== Segment start ==

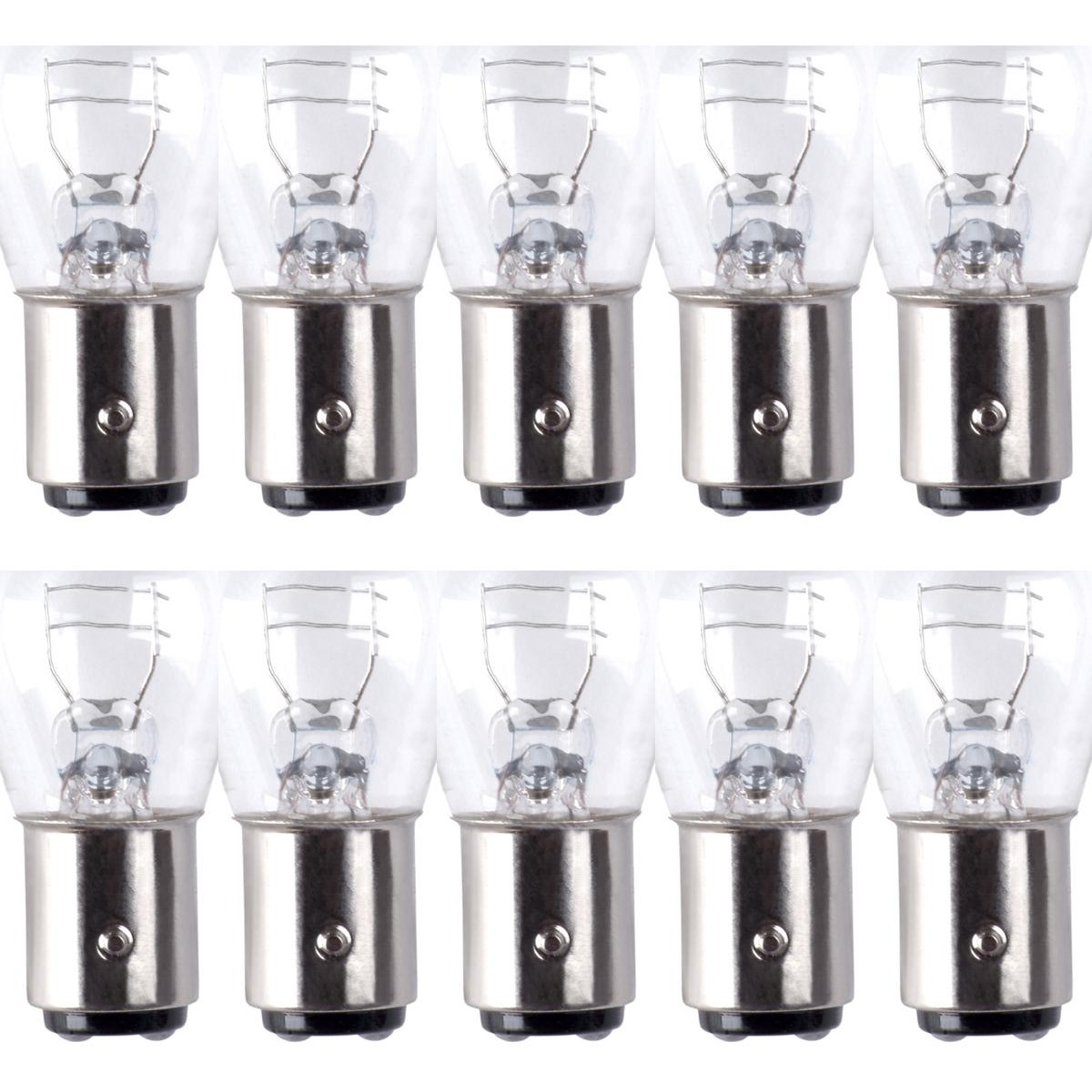 10 Lâmpadas 2 Polos P21/5W 24V - Gauss - GL1176A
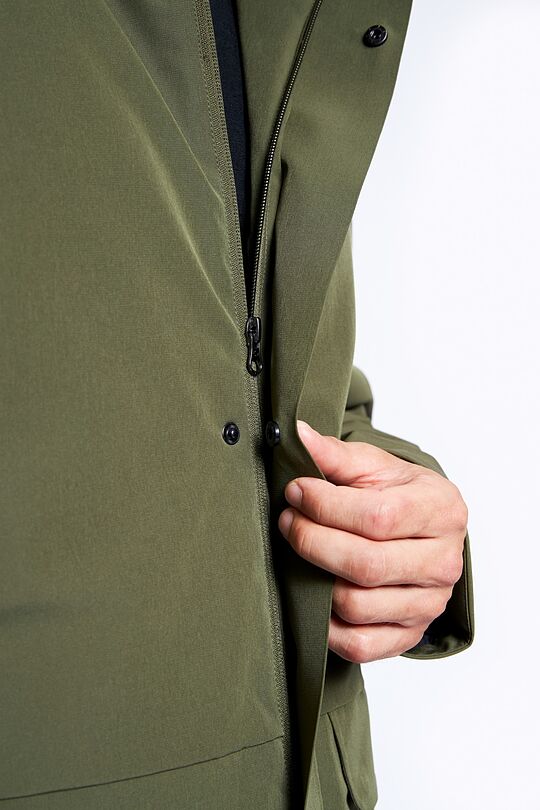 Long water repellent 3M THINSULATE jacket 7 | GREEN/ KHAKI / LIME GREEN | Audimas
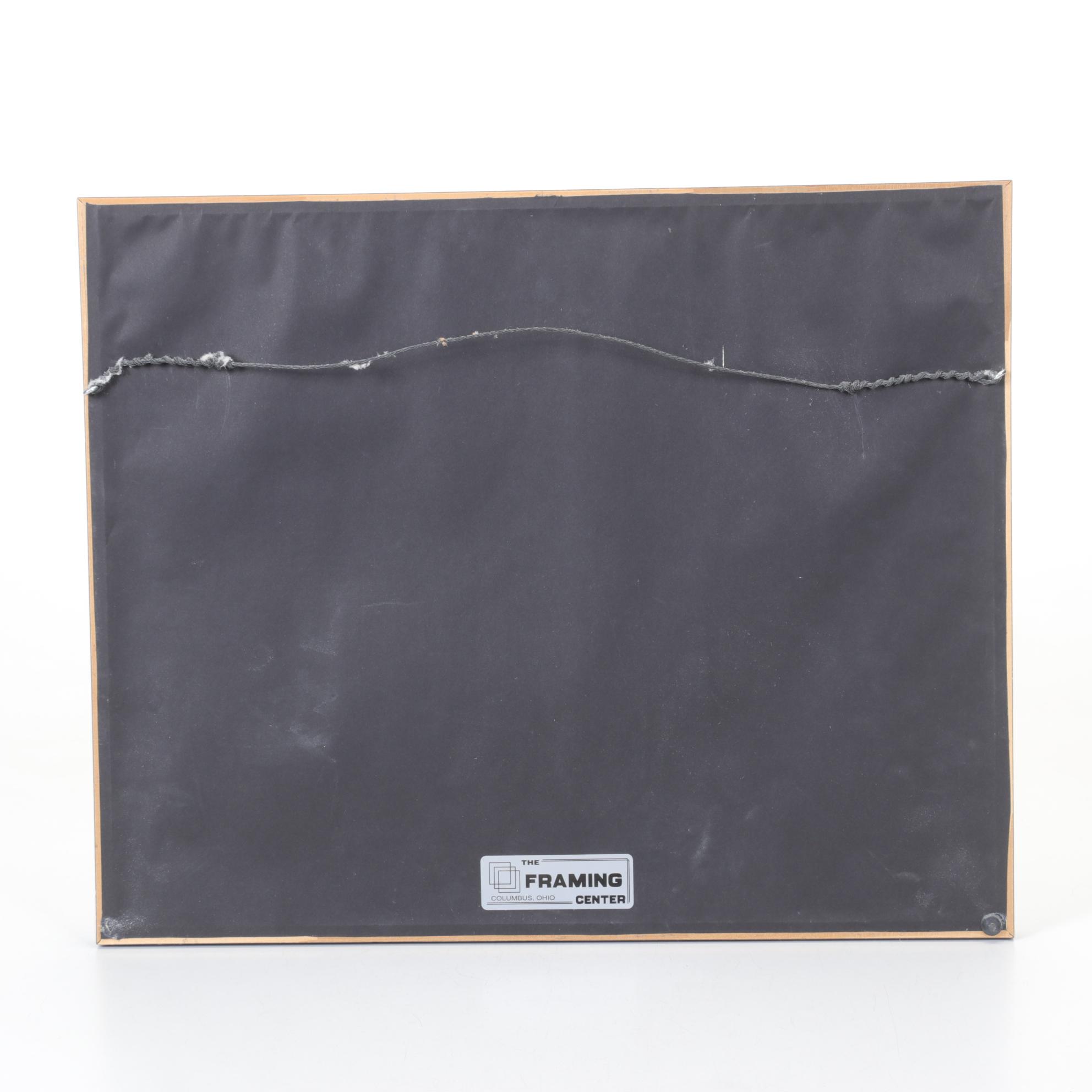 Ikki Matsumoto Serigraph "Surf Fishing," 20th Century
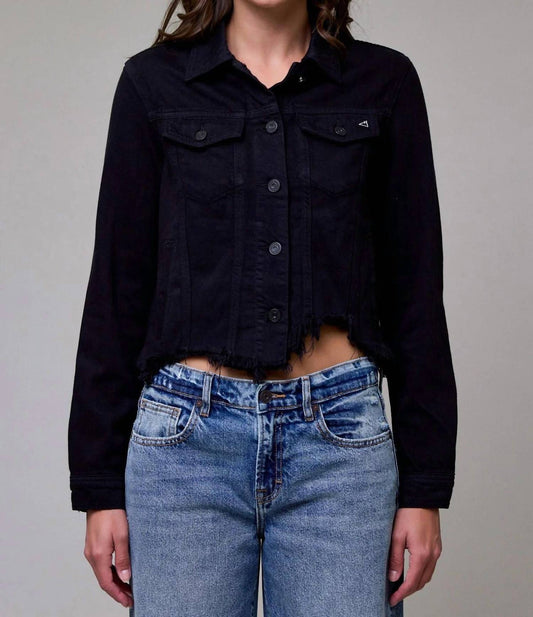 Hidden - Rebel Frayed Bottom Fitted Jacket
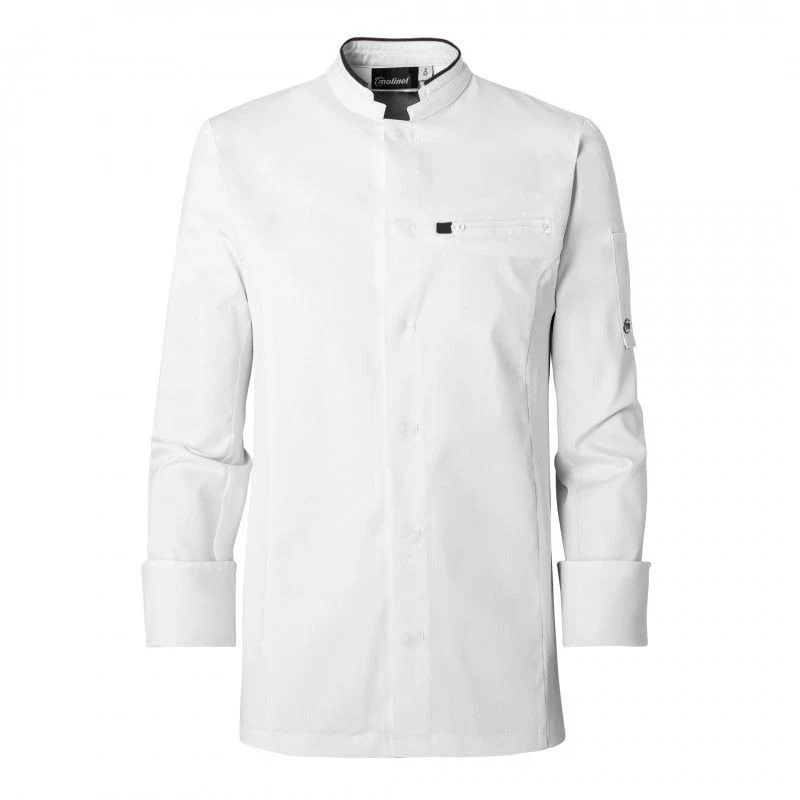Veste de Cuisine Homme Manches Longues Blanc et Noir Crush - MOLINEL - Image 6
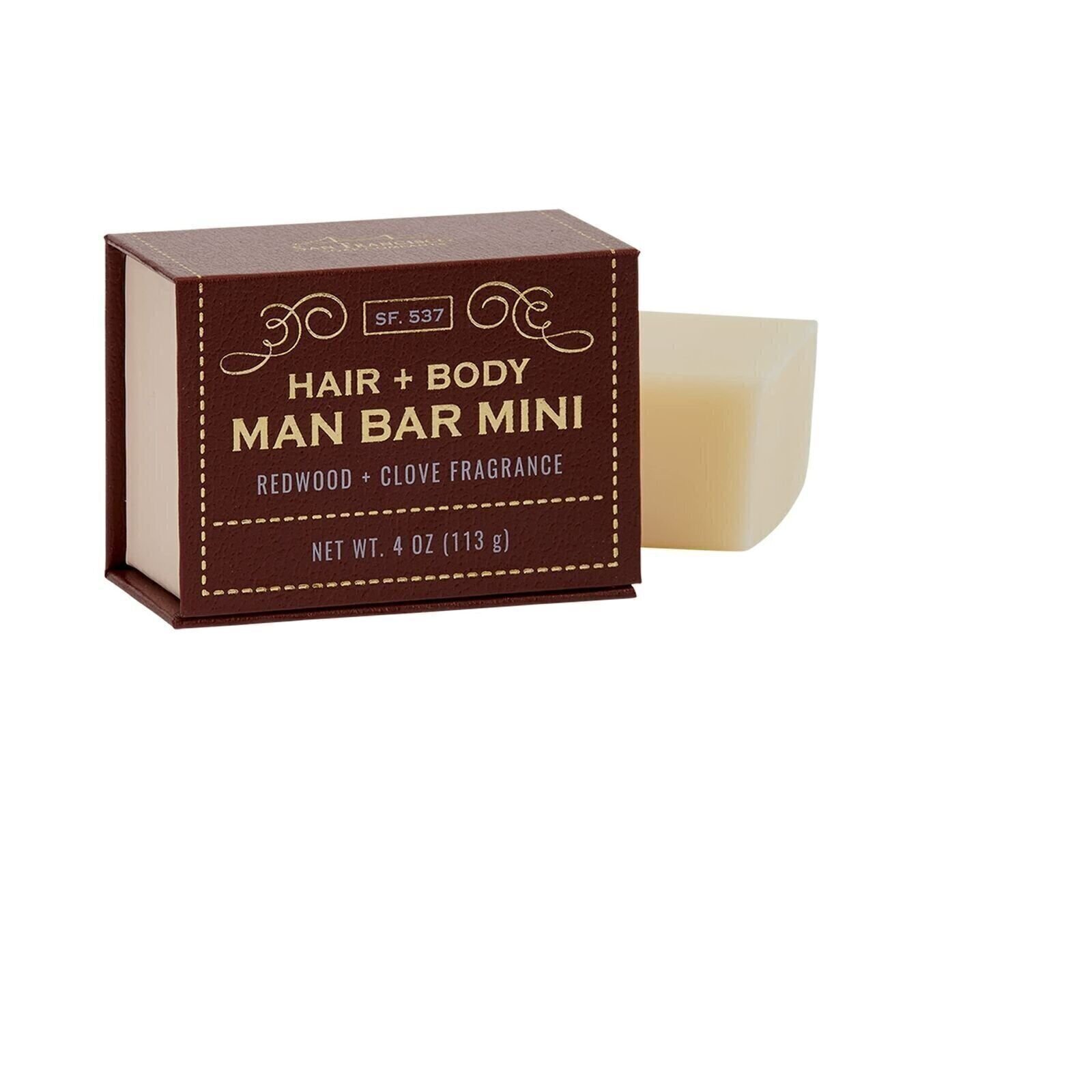 San Francisco Soap Company Hair and Body Mini-Bar 4oz (Redwood and Clove)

== Segment end ==

• **WHAT TO DO**
Please restate, word for word, the lines from the one with "Long water repellent" through the final line of the material, both included, and omit the pictures.

• **REPLY TO THE TASK**
 Long water repellent 3M THINSULATE jacket 7 | GREEN/ KHAKI / LIME GREEN | Audimas
 Ikki Matsumoto Serigraph "Surf Fishing," 20th Century
 Hidden - Rebel Frayed Bottom Fitted Jacket
Veste de Cuisine Homme Manches Longues Blanc et Noir Crush - MOLINEL - Image 6
 San Francisco Soap Company Hair and Body Mini-Bar 4oz (Redwood and Clove)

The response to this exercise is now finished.